Is Uber still working in London? Appeal delays decision as taxi app's fate hangs in the balance

The company's app could keep calling cars for months – despite the fact it's supposed to have been shut down

Andrew Griffin
Friday 13 October 2017 11:29 BST
A woman poses holding a smartphone showing the App for ride-sharing cab service Uber in London on September 22, 2017
A woman poses holding a smartphone showing the App for ride-sharing cab service Uber in London on September 22, 2017 (AFP/Getty)

Uber has been banned. But you'd be forgiven for not noticing.

Despite the fact that the app was told it can't operate in London, it's still more than possible to open it up and use it to call a car. There is no disruption to either the technology or the drivers, and journeys are just as readily available.

That's because despite the huge amount of coverage of the ban it hasn't really gone into effect. What's more, it might never, despite authorities' decision that the company is "not fit and proper" for a number of reasons.

The app was supposed to be banned from 30 September, according to a ruling from Transport for London. And it technically has.

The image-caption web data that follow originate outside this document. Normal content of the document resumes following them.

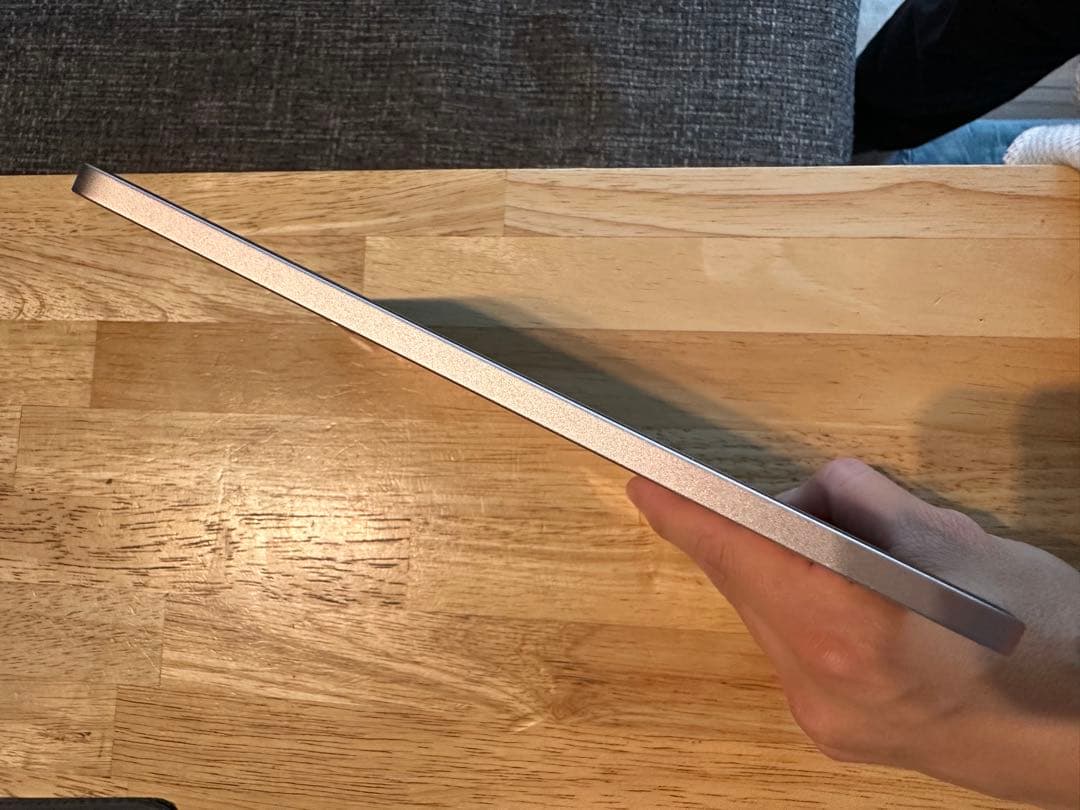 【ジャンク品】iPad mini 第6世代 Wi-Fiモデル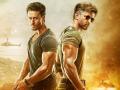 War Box Office Collection 6th Day: 'वॉर' से सिनेमाघरों में लगी आग, तोड़े कमाई के कई रिकॉर्ड्स - Hindi News | War box office collection day 6 hrithik roshan tiger shroff vaani kapoor | Latest bollywood News at Lokmatnews.in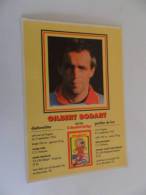 Gilbert Bodart 92/93 Standard De Liège - Sporters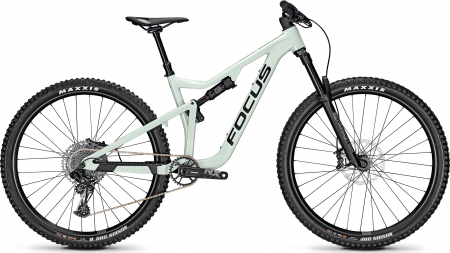 BICICLETA FOCUS JAM 6.8 NINE 29 SKY GREY [0]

But that ban doesn't practically go into effect until Uber has exhausted all of its appeal with the regulator. That process might not finish for months – and it could end with Uber successfully having the decision overturned, meaning that the app would never go out of service.

It's not clear what would happen if Uber did opt to pull out of London. It would presumably mean that the app would look like it does in cities where it doesn't yet operate, and that people would be unable to see or hail cars.

That won't happen until the appeals process is exhausted, TfL said when it announced the app was banned. Reports have suggested that process could last as long as 12 months, and Uber has had success overturning such decisions before.

The company has now appealed the decision, and appears to be spending a huge amount of resource on both PR and legal challenges to try and have it overturned. It sent its CEO to London, for instance, where he met with drivers in a marketing exercise apparently focused on improving the app's reputation.

And that reputation does appear to have been undermined. Despite hundreds of thousands of people signing a petition, a majority of people back the banning of the app, according to YouGov data.